NO ES PARA TODOS
El renting está de moda, pero, ¿te interesa de verdad?
El renting en España siguió creciendo el año pasado, y las empresas del sector invirtieron 8.178 millones de euros en la compra de vehículos y matricularon 351.287 unidades, y eso quiere decir que el modelo sigue ganando peso en la movilidad profesional y particular.
Ese volumen sitúa al renting con un peso del 25,7% sobre las matriculaciones totales, pero para entender si te interesa, hay que mirar hacer números desde dos perspectivas: cuanto gastas y qué necesidad real tienes de coche.
Sí, 2025 fue un año en que el renting aumentó inversión y unidades y además aceleró la compra de modelos electrificados dentro de su parque, porque las matriculaciones electrificadas en renting subieron con fuerza. Algo normal cuando el eléctrico todavía genera desconfianza y muchos no quieren quedarse pillados con uno que resulte plantear más problemas que soluciones.

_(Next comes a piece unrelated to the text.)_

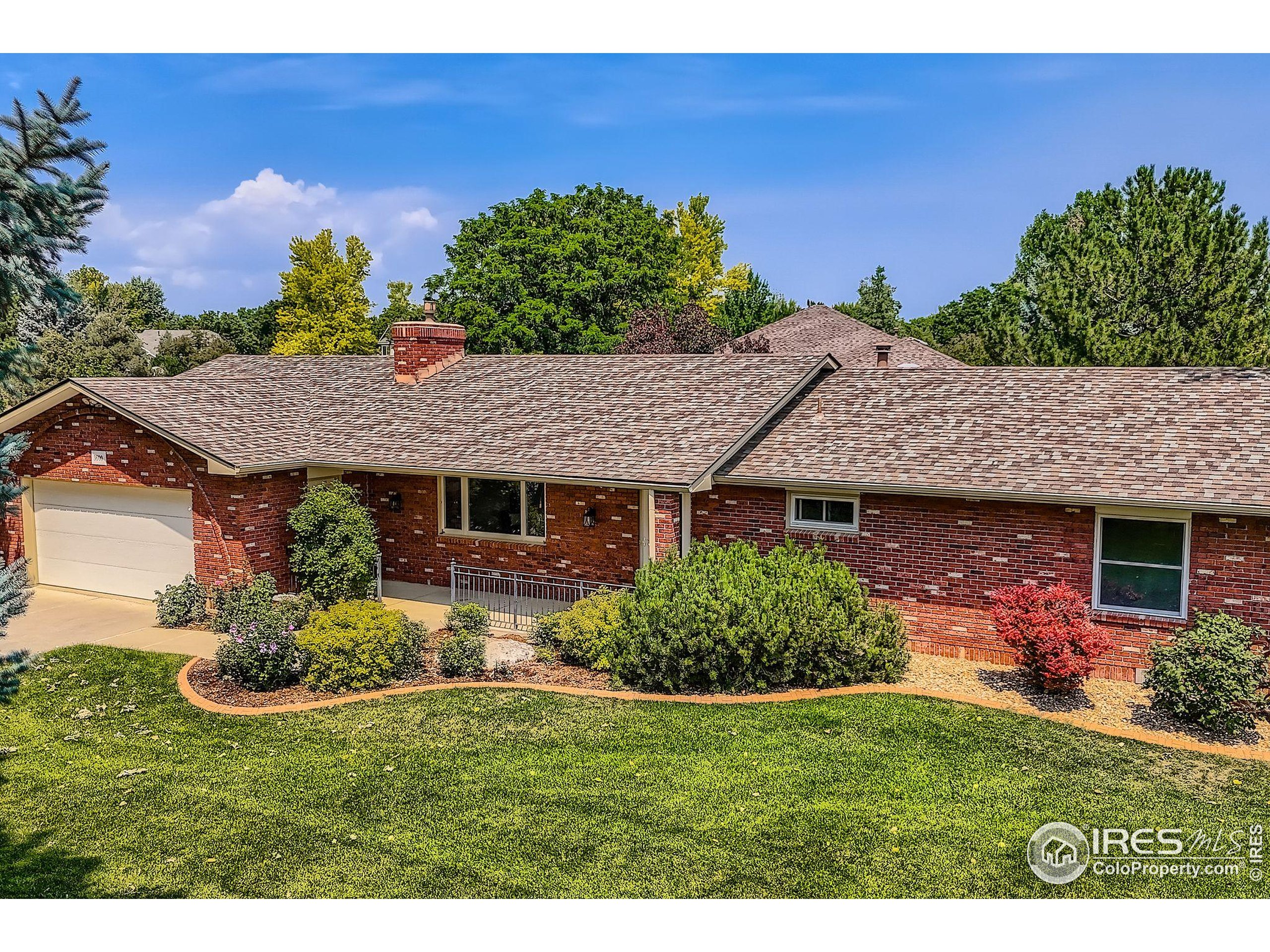3600 Quail Road Longmont, CO 80503 - Photo 6 of 39 a view of a house with a garden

La primera es que es un pago mensual previsible, y la cuota suele incluir seguro, mantenimiento, asistencia e impuestos, lo que te libra de sorpresas de gastos imprevistos. Si valoras la tranquilidad administrativa, el renting compensa por su paquete cerrado. Pagas y te olvidas.
La segunda es la renovación tecnológica, porque con los contratos de 2–5 años renuevas coche y evitas la pérdida de valor en el mercado de segunda mano; además, el renting está incorporando muchos eléctricos y PHEV para que siempre estrenes las últimas tecnologías, y eso te interesa especialmente si temes restricciones urbanas o cambios regulatorios.

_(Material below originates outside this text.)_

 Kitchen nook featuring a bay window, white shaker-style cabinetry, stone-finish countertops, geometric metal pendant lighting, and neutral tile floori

Las ventajas fiscales para empresas y autónomos son la tercera, porque las cuotas son deducibles en distintos grados según el perfil del contratante y el uso profesional, y eso inclina la balanza frente a una compra financiada, sobre todo para flotas. No es lo mismo la ecuación para un particular que para una empresa.
Si haces muchos kilómetros al año o necesitas un coche para uso intensivo, el renting te subirá de precio porque los contratos fijan límites de kilometraje y penalizan los excesos, de modo que la compra puede resultar más barata en términos por kilómetro. Piensa siempre en tu uso real antes de firmar.
A largo plazo la compra le sale más barata para quien mantiene el coche 8 ó 10 años porque recuperas parte del capital con la venta y no pagas por la "comodidad" de la gestión mensual. Al final, el renting es un servicio, no una inversión; si prefieres patrimonio, compra.
Además, la flexibilidad tiene su coste y las cancelaciones anticipadas, condiciones de kilometraje y desgaste aceptable generan cláusulas que, mal leídas, disparan el coste final. Lee siempre la letra pequeña y compara ejemplos reales (mismas cuotas, misma dotación de servicios).
El renting está acelerando la electrificación, y en 2025 se matricularon en renting casi 50.000 vehículos electrificados (eléctricos y PHEV), que es un aumento notable respecto a 2024, y el peso de estos modelos en las matriculaciones de renting supera ahora el 14%, así que si tu objetivo es probar un eléctrico sin asumir la caída de precio o la incertidumbre de la batería, el renting te lo hace fácil.
Pero ojo: los beneficios económicos que muestra un PHEV o BEV en renting dependen de que lo recargues regularmente (en PHEV) o que uses bien la autonomía (en BEV). Si no lo cargas, adiós al ahorro, porque el renting te facilita la transición tecnológica, pero no elimina la necesidad de planificar la recarga. Para eso, te interesa más un térmico de los de siempre.
Finalmente, la oferta de renting está respaldada por bancos y grandes operadores que ven oportunidad en flotas y electrificación, y eso reduce el riesgo de suministro y mejora condiciones comerciales, pero también hace que el mercado sea cada vez más profesional y menos “barato” en apariencia.
Sí, te compensa si: quieres previsibilidad de gasto, no quieres gestionar averías ni vender después el coche, prefieres renovar cada pocos años o necesitas ventajas fiscales por tu actividad profesional. En esos casos la tranquilidad vale la cuota.
Sin embargo, no te compensa si haces muchos kilómetros anuales, si prefieres acumular patrimonio o si tu objetivo es el menor coste por kilómetro a largo plazo. En ese caso, lo mejor es comprar y mantener el coche mientras su valor residual sea razonable.
Un último consejo: pide presupuestos cerrados con todos los servicios, simula el caso real (km anual, tipo de uso, penalizaciones por desgaste) y compara con la compra financiada a 4–6 años. El renting es una herramienta, y como tal, funciona bien si la eliges para el trabajo correcto.